Departemen Pencegahan Penyakit menyatakan bahwa, menurut informasi terbaru dari Organisasi Kesehatan Dunia (WHO), klaster kasus di MV Hondius telah mencatat 8 kasus infeksi virus Hanta, termasuk 3 kematian. Melalui pengujian, infeksi virus Hanta diidentifikasi sebagai virus Andes (ANDV).
Namun, WHO menilai risiko penyebaran virus Hanta ke populasi global rendah, dan lebih lanjut, cara penularan virus Hanta sama sekali berbeda dari Covid-19.

Mengenai asal mula wabah, WHO masih menyelidiki, tetapi para ahli cenderung pada hipotesis bahwa kasus pertama (F0) tertular virus dari lingkungan atau kontak dengan tikus selama aktivitas perjalanan di luar ruangan sebelum menaiki kapal. Pada saat yang sama, mereka menyarankan untuk tidak membuat asumsi tentang sumber infeksi dari makanan, air, atau kapal itu sendiri sampai kesimpulan akhir tercapai.
Dari pihak Vietnam, Departemen Pencegahan dan Pengendalian Penyakit mengkonfirmasi bahwa hingga saat ini, belum ada warga negara Vietnam yang terkait dengan klaster kasus di MV Hondius. Namun, untuk secara proaktif mencegah penyebaran penyakit, Kementerian Kesehatan telah meminta pemerintah daerah untuk segera memperkuat pengawasan di gerbang perbatasan dan fasilitas medis, serta meningkatkan langkah-langkah kebersihan dan disinfeksi.

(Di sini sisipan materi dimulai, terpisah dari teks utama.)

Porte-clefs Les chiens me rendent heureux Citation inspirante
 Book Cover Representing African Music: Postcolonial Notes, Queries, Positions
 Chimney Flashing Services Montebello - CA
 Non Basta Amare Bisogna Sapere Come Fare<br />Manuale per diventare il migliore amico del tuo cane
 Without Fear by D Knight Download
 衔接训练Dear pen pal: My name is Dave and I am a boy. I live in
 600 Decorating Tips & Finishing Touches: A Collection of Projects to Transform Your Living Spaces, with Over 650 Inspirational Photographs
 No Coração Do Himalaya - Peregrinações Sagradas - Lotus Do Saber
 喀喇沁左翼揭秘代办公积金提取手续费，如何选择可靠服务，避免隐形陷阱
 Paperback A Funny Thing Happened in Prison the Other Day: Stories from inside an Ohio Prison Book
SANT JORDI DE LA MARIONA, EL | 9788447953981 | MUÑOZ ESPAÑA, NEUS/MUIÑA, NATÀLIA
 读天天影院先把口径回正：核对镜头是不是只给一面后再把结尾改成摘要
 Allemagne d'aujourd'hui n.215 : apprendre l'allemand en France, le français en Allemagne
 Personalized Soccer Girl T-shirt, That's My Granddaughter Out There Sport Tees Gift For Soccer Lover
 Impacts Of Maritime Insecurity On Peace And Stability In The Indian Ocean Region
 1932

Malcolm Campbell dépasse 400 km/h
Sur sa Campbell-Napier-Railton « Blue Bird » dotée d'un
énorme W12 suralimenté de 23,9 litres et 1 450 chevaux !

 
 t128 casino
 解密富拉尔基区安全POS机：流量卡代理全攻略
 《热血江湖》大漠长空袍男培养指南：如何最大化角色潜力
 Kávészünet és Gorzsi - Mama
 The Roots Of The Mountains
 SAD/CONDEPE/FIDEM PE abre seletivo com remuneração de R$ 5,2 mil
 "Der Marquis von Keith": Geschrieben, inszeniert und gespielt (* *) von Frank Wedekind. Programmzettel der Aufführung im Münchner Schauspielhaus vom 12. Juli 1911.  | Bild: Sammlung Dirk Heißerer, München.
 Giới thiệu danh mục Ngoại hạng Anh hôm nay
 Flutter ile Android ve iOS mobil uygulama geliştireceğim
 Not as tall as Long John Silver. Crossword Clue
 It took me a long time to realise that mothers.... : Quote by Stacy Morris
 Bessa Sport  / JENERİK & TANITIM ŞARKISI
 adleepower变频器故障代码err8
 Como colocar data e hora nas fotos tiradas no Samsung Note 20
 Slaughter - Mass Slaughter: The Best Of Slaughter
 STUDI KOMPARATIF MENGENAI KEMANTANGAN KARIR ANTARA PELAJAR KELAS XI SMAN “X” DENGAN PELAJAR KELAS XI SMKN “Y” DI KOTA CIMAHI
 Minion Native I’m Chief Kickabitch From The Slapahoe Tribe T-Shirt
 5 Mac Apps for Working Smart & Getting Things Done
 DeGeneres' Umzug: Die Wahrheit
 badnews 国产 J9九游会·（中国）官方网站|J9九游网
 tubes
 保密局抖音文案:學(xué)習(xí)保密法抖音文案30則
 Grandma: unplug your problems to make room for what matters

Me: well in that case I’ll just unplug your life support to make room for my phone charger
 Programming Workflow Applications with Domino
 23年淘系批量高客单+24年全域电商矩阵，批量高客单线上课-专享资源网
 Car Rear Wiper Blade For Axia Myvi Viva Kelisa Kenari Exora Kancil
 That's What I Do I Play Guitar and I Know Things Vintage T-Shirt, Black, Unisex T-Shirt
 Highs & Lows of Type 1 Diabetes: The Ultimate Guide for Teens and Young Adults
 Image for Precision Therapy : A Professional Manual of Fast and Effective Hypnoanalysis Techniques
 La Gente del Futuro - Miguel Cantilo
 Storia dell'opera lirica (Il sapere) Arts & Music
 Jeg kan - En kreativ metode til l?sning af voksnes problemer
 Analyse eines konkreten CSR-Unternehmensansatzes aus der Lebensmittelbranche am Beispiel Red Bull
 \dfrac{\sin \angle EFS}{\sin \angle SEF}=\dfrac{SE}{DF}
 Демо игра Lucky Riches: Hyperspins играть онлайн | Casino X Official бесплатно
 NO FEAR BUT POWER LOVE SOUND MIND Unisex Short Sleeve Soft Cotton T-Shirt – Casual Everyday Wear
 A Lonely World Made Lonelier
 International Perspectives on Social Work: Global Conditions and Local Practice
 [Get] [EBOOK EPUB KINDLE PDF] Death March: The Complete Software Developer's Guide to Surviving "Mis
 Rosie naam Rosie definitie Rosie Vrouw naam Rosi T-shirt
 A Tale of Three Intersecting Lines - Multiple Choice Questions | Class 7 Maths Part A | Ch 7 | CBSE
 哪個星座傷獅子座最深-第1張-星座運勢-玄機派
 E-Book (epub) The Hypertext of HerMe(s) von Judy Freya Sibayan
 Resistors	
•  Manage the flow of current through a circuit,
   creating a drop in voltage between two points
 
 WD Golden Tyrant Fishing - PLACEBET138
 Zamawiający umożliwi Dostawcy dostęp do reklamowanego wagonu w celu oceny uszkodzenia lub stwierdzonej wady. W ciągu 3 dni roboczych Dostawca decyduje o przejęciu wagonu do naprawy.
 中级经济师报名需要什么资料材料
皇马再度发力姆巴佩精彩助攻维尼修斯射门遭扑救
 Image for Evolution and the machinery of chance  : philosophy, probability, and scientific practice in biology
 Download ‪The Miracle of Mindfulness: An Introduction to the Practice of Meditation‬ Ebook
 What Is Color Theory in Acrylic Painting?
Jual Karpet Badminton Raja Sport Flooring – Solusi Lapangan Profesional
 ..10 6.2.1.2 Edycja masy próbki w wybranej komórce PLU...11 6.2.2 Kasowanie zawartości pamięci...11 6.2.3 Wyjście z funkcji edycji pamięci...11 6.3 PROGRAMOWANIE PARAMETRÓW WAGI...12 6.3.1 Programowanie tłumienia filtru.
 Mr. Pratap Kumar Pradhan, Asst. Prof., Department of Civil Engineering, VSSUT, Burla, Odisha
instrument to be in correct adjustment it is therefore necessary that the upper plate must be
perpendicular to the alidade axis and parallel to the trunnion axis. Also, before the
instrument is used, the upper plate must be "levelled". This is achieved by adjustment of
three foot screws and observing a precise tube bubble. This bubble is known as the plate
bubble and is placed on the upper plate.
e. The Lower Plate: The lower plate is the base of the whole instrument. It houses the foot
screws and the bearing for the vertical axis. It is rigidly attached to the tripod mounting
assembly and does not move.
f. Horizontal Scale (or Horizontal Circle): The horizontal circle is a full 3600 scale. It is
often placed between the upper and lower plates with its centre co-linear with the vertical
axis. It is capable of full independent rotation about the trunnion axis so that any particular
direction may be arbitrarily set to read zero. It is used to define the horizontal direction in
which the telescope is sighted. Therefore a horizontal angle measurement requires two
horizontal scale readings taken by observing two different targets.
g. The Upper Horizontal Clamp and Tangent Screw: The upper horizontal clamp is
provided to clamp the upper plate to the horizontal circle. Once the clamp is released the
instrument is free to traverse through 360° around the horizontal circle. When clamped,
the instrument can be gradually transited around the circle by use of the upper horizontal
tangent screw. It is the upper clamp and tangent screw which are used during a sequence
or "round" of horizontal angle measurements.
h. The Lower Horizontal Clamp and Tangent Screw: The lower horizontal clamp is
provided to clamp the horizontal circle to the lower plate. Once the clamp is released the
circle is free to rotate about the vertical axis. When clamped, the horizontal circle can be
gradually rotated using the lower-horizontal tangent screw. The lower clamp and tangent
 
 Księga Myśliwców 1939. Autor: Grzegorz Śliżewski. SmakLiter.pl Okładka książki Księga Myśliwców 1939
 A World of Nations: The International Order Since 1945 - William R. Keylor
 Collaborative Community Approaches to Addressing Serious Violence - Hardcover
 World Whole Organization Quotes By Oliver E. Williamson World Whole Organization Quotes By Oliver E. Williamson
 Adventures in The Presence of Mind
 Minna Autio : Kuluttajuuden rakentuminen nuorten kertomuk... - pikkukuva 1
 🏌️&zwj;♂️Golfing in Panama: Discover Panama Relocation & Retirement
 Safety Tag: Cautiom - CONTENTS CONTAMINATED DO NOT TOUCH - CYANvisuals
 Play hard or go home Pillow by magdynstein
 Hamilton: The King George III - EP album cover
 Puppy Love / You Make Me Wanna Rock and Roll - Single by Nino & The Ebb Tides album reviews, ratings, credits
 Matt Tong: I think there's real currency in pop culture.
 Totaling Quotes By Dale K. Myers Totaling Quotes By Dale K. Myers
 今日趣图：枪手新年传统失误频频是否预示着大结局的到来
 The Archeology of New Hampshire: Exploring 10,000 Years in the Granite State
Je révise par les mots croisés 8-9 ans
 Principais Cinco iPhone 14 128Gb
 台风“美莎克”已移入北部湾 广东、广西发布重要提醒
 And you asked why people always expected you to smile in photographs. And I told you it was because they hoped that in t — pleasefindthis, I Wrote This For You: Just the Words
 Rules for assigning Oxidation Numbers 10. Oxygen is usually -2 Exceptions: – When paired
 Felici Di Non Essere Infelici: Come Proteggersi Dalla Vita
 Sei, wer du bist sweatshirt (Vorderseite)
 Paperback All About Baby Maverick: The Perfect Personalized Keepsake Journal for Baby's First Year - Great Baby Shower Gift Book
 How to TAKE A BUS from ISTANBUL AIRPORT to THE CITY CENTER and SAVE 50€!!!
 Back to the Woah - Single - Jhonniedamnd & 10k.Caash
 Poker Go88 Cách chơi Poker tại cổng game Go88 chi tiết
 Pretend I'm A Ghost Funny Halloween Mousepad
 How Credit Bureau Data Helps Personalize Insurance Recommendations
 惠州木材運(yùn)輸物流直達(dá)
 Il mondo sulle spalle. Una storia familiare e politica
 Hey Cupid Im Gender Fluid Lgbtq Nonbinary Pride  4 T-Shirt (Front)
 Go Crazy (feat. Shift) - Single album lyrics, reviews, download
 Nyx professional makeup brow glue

Dinas Pencegahan Penyakit juga menunjukkan bahwa Vietnam sebelumnya telah mencatat kasus infeksi terkait virus pada hewan. Dinas Pencegahan Penyakit mendesak masyarakat untuk mengikuti informasi resmi, sama sekali tidak panik, dan tidak berspekulasi tentang risiko penyebaran penyakit.
Selain itu, masyarakat perlu mengambil langkah-langkah pencegahan untuk melindungi kesehatan mereka, seperti menjaga kebersihan lingkungan dan secara aktif membasmi tikus untuk mencegah penyakit yang ditularkan oleh hewan pengerat tersebut.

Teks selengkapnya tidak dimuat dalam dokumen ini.